For some years, my wife craved shrimp. I have a photo of her at turn one of Watkins Glen International Race Track (it was during a weekend of races for "classic" sports cars) in a folding recliner with a bowl of shrimp and cocktail sauce. She looks happy. One day she announced, "That's it. I am done with shrimp." It must have been almost five years ago. And she hasn't had a shrimp since. This past term I had a student in my seminar who read the way my wife eats (or used to eat) shrimp: find an author, read absolutely everything you can find by him or her until you are sated and can no longer bear the thought of another bit of this prose or poetry. It's an interesting approach. I couldn't do it.
It brought up the issue of how reading and what we read can be compared to our diet. Are we classic meat and potatoes? Or exotic flavors? Do we think about trying a new dish? Or do we stick the old and proven stand byes? Are we adventurous or comfortable in our individual ruts? (I tried tongue for the first time at a Basque restaurant in Idaho -- I liked it.) And once we make a choice, do we stick with it or do we try a taste and then toss it away if it does not sit well (I confess that I did that with one book -- that I remember -- during my reading life -- I started to read A Confederacy of Dunces -- I got through about a 100 or so pages and then just tossed the book -- not a good thing for a literature professor to admit). And what makes us say, as my wife, "Enough!"

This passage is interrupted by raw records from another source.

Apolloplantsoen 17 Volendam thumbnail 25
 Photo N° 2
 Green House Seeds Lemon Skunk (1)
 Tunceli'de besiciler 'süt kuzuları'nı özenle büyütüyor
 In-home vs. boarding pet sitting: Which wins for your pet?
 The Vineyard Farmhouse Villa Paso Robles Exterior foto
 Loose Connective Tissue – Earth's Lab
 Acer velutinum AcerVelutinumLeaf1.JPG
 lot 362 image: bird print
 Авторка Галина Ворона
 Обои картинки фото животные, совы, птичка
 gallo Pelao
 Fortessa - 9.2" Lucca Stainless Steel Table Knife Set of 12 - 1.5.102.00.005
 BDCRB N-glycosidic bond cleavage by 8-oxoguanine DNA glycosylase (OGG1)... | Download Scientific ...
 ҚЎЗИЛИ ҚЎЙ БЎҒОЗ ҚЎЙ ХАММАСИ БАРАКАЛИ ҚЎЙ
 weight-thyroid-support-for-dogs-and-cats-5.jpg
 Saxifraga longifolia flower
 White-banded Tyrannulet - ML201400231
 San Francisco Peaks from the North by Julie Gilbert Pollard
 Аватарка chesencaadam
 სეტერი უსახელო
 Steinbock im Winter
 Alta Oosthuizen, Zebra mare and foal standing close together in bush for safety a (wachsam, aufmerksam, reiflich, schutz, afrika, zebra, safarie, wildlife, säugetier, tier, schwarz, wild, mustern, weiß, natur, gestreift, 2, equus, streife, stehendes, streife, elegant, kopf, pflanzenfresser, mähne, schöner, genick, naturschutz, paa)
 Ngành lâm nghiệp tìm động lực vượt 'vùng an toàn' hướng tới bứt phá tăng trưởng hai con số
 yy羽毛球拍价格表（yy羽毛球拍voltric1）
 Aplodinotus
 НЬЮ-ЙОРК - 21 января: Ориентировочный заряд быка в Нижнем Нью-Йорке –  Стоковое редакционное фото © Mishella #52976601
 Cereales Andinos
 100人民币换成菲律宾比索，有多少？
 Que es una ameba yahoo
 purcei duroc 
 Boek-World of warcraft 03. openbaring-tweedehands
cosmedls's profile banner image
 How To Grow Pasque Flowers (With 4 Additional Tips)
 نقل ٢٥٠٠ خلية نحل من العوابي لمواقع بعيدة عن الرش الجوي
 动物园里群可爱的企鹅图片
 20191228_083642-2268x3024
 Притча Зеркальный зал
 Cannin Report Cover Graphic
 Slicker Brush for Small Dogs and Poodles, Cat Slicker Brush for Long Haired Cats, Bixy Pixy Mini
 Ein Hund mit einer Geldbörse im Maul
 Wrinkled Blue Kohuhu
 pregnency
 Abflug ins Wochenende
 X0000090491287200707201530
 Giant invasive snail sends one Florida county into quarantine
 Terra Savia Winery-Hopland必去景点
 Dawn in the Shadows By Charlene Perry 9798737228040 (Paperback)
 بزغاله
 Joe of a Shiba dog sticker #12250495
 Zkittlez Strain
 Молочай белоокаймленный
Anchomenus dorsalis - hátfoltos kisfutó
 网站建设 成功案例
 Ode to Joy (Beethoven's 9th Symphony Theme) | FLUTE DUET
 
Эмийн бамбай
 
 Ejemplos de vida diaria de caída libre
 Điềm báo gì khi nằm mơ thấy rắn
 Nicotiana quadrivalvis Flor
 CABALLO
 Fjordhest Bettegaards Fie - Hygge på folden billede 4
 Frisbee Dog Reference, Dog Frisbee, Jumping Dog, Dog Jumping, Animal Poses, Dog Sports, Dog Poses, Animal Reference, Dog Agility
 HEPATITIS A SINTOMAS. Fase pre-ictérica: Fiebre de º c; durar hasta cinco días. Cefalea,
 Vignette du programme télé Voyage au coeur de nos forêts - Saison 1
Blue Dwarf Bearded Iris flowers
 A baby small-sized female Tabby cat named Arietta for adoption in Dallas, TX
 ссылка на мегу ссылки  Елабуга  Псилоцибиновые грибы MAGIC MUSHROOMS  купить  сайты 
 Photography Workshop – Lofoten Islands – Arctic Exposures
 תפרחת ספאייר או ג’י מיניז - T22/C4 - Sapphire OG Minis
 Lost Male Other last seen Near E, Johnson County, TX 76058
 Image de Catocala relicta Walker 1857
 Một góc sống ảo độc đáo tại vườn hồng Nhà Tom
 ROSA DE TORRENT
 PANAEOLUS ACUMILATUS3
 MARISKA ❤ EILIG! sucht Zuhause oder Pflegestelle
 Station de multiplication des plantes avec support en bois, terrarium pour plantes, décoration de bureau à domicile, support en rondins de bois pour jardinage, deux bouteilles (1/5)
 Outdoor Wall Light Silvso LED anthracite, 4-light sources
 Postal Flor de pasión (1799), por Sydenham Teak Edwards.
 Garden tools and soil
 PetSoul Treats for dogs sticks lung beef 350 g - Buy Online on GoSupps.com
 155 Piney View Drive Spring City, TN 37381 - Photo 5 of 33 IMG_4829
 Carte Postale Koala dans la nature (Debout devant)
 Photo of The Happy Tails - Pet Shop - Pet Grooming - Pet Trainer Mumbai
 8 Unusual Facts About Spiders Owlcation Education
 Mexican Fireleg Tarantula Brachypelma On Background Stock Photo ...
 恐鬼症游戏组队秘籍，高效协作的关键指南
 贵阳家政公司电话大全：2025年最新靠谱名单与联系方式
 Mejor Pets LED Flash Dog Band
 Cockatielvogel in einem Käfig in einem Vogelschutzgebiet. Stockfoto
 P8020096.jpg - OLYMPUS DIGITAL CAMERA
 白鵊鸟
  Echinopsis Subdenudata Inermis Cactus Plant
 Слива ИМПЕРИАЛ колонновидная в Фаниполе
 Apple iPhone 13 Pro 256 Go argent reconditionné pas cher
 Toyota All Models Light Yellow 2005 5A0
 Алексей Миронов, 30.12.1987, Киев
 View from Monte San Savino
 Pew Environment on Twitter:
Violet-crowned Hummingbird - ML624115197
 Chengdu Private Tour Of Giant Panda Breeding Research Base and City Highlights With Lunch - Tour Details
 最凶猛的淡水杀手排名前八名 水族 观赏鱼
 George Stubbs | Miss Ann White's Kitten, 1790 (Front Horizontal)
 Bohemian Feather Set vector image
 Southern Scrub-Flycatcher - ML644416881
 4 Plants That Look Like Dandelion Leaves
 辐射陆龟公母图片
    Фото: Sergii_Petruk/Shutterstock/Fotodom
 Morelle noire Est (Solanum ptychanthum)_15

This led to a discussion of how a reading list (menu) should come with one of those plates with dividers for the separate components of the meal (like the old tv dinners or the new microwave gourmet meals). And then whether it's ok if the portion in one compartment flows into the next (a kind of intertextuality?).
Ok. It was not the most profound discussion of reading, but it did, somewhat oddly, connect with students who are always looking for ways of compartmentalizing their lives so that the whole becomes easier to adjust. My students weren't so willing to push the metaphor, but they did see a kind of point. And they started, perhaps, to think about reading as a matter of both settled "taste" and exotic seasoning. That might just pull them away from an overriding sense of the sameness of school reading (like school lunches of the past?). And they might start to think a bit more playfully with the very idea of why and what and how we read.